BP withdraws objection against Ørsted's offshore wind project

A conflict among the two corporate majors regarding 2.6GW offshore wind project Hornsea 4 has been laid to rest.
Photo: Ørsted
Photo: Ørsted
by marketwire, translated by kristoffer grønbæk

Ørsted and BP have reached a solution regarding their disagreements in relation to the development of Ørsted’s Hornsea 4 wind farm. BP has previously filed protests against the project, arguing that it hinders BP’s plans to store CO2 under the seabed in the same area.

With the agreement, the British oil firm withdraws its objection to Ørsted’s Hornsea 4 project, writes Bloomberg News with reference to documents put forth by UK authorities.

”Ørsted and BP confirm that a commercial agreement has been made. On this background, Ørsted and BP agree that no demands prevail to protection stipulations under the Hornsea 4 development consent order to the benefit of BP or any other involved party in Northern Endurance Project,” reads the document filed to UK authorities.

The exact details of the commercial agreement are not disclosed.

”BP has no remaining objections to the Hornsea 4 application and agrees to withdraw all previous representations in relation to the Hornsea 4 development consent order application.”

The conflict between Ørsted and BP stems from efforts from both companies to launch seabed projects in the same region. Ørsted aims to install a wind farm on the seabed, whereas BP plans to store carbon underneath it.

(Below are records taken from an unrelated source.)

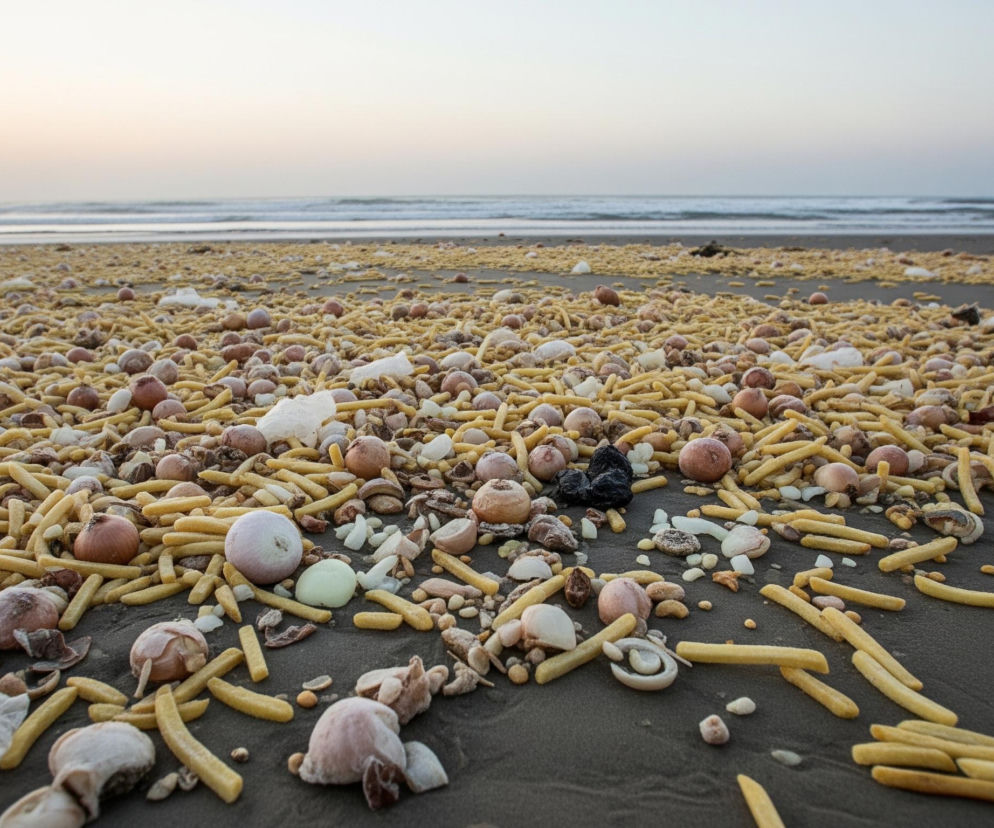 Piaszczysta plaża rozciąga się w kierunku oceanu, z niebem rozjaśnionym zachodzącym słońcem w oddali. Piasek jest gęsto pokryty żółtymi, podłużnymi obiektami przypominającymi frytki, wymieszanymi z licznymi muszlami o różnych kształtach i rozmiarach, głównie w odcieniach brązu, bieli i różu. Wśród tych elementów widoczne są także drobne kawałki plastiku, takie jak biała folia i ciemne, nieregularne bryły.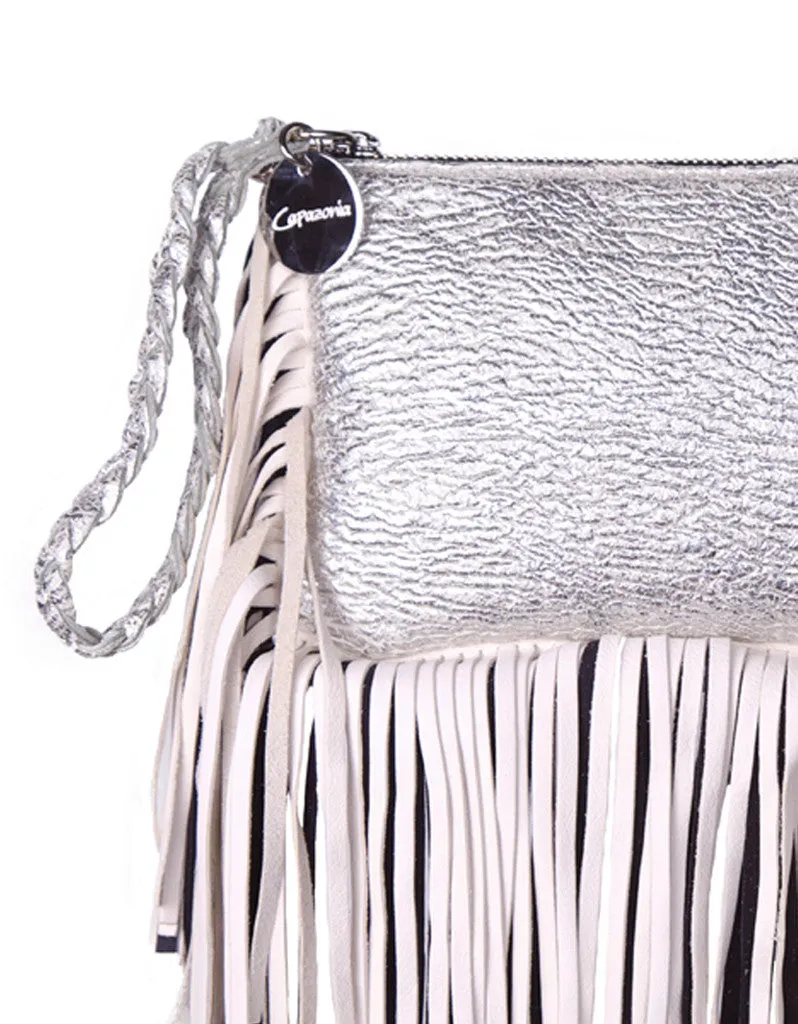 Capazonia Fidji Mini Fringe Clutch in Silver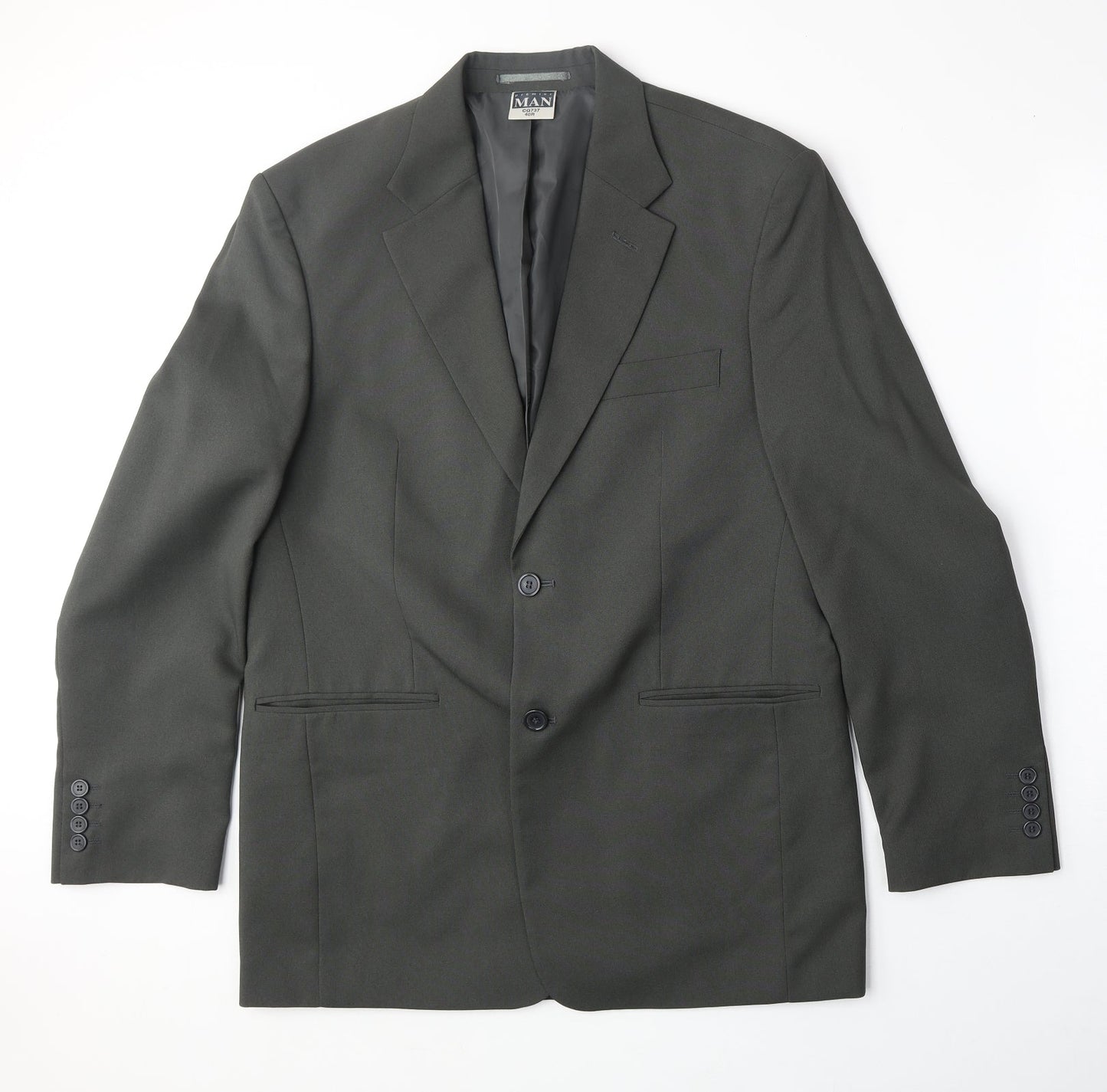 Premier Man Mens Grey Polyester Jacket Suit Jacket Size 40 Regular
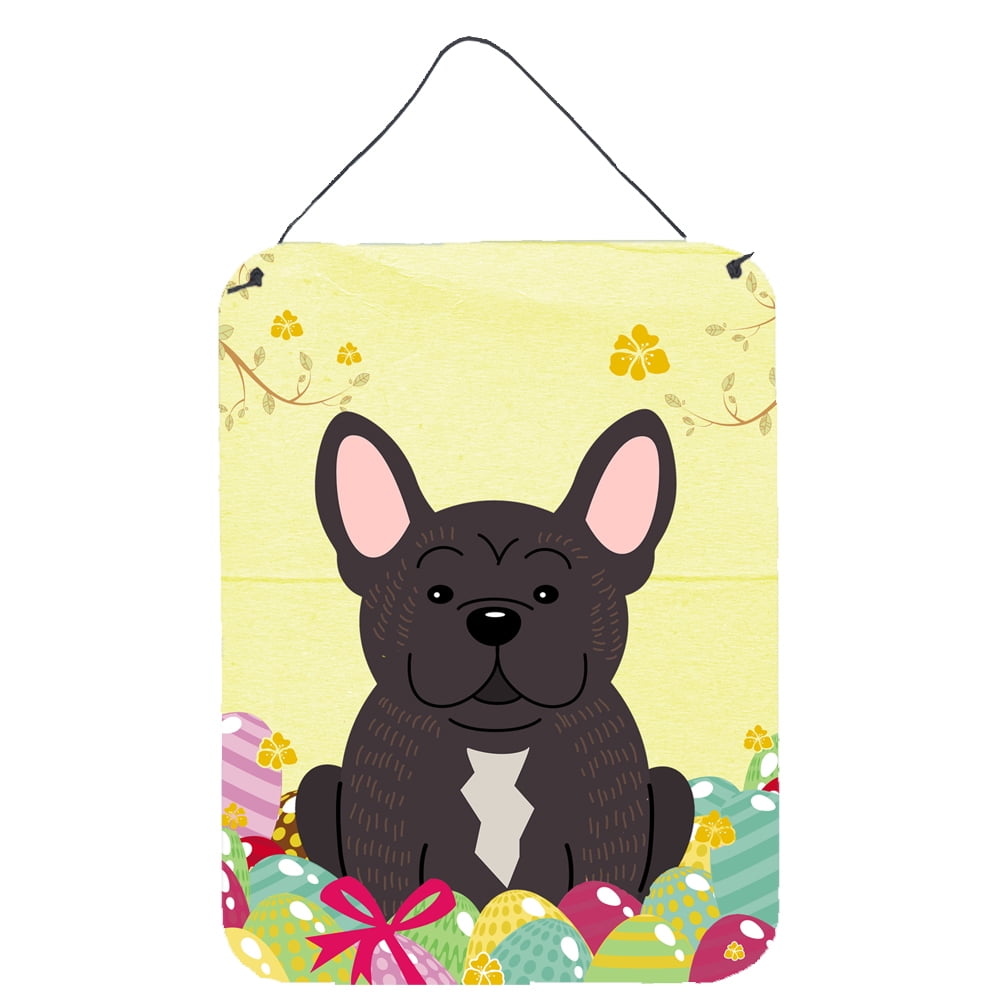 Easter Eggs French Bulldog Brindle Wall or Door Hanging Prints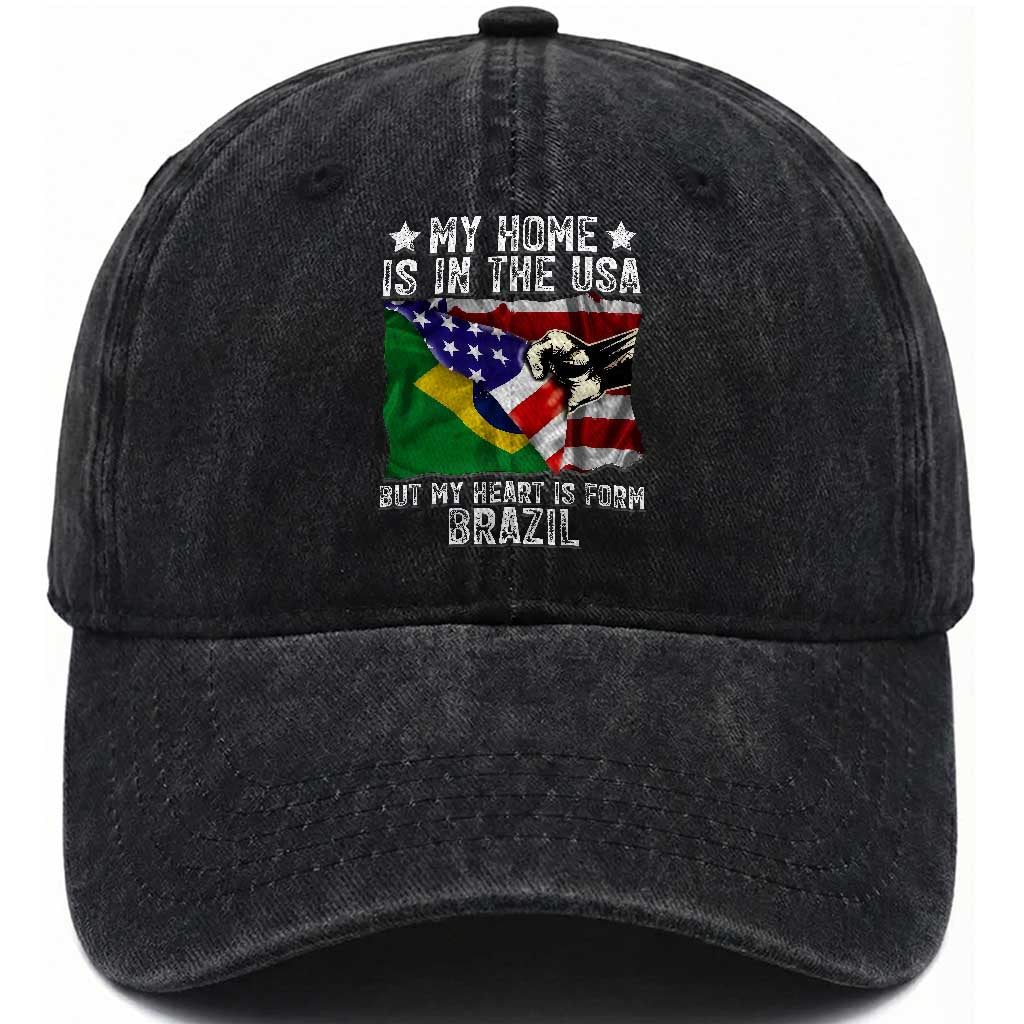 Brazilian American Patriot Heart Is From Brazil Flag Washed Cotton Baseball Cap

According to documents that Ørsted filed to UK authorities last year, BP attempted to ”force through” that Ørsted would not be allowed to install offshore wind turbines in areas where the two projects overlap.

In relation thereto, BP claimed in a document filed to authorities in Planning Inspectorate in December 2021 that the two projects could not co-exist due to BP’s need to install wells, build infrastructure and ensure access to installations via helicopters.

Back then, the British oil firm stressed that its project could store 12 times as much CO2 as the power production from Ørsted’s project could create in reductions.

The intersection of the two projects represents 25 percent of the area that Ørsted has been granted, and it would have meant a 675MW capacity reduction if BP’s protests had been sustained. Hornsea 4’s planned capacity totals at 2.6GW.

According to Ørsted, a reduction of that size would probably have rendered the project non-competitive, just as it could have hindered Ørsted’s project in winning an auction on power sales at a fixed price to the UK government.